BT and Toshiba trial first commercial quantum-secured network

Reuters

Published Apr 27, 2022 00:06

Updated Apr 27, 2022 02:16

LONDON (Reuters) - Britain's BT (LON:BT) and Japan's Toshiba on Wednesday launched the first commercial trial of a quantum-secured network that will block vulnerabilities in encryption that will emerge when quantum computing becomes mainstream.

Professional services group EY will use the network to connect two of its sites in London, one at London Bridge and the other at Canary Wharf, the companies said.

Quantum computers are unreliable and costly today but the technology, which is being developed by companies including Google (NASDAQ:GOOGL), IBM (NYSE:IBM) and Microsoft (NASDAQ:MSFT), offers the potential to crunch data millions of times faster than supercomputers.

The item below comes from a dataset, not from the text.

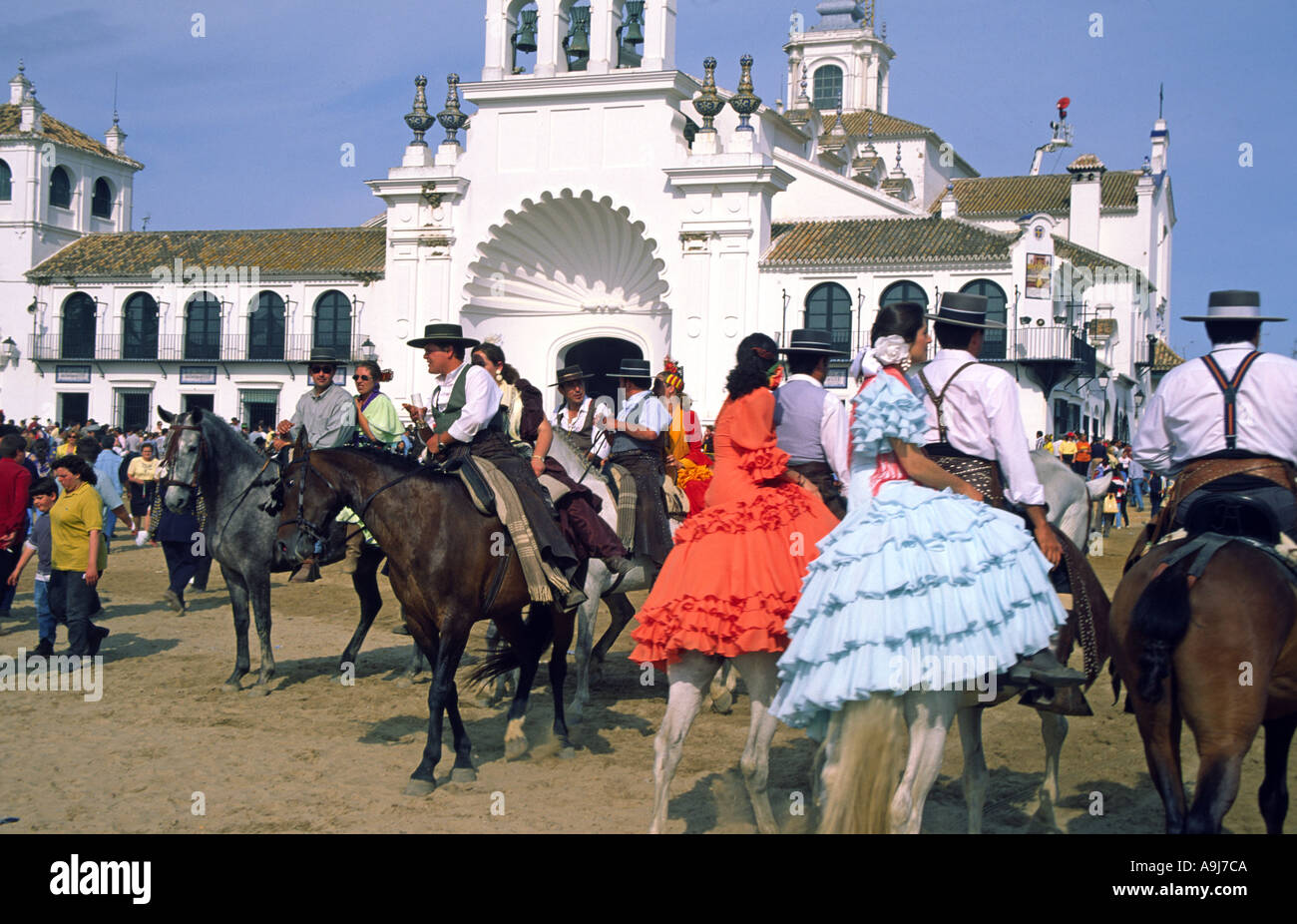 Andalucia El Rocio romeria pellegrini su cavalli con i tradizionali costumi di flamenco Foto Stock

Rather than storing information in bits - or zeros and ones - quantum computing makes use of a property of sub-atomic particles in which they can exist simultaneously in different states. They can then become 'entangled' - meaning they can influence each other's behaviour in an observable way - leading to exponential increases in computing power.

BT's Chief Technology Officer Howard Watson said quantum technology could potentially be used to break current encryption keys while data is being transmitted.

Quantum key distribution (QKD), however, uses photonics to transmit the encryption key in fibre networks, he said. If the QKD is hacked in transmission, its state is changed and therefore the attack will be detected in real time.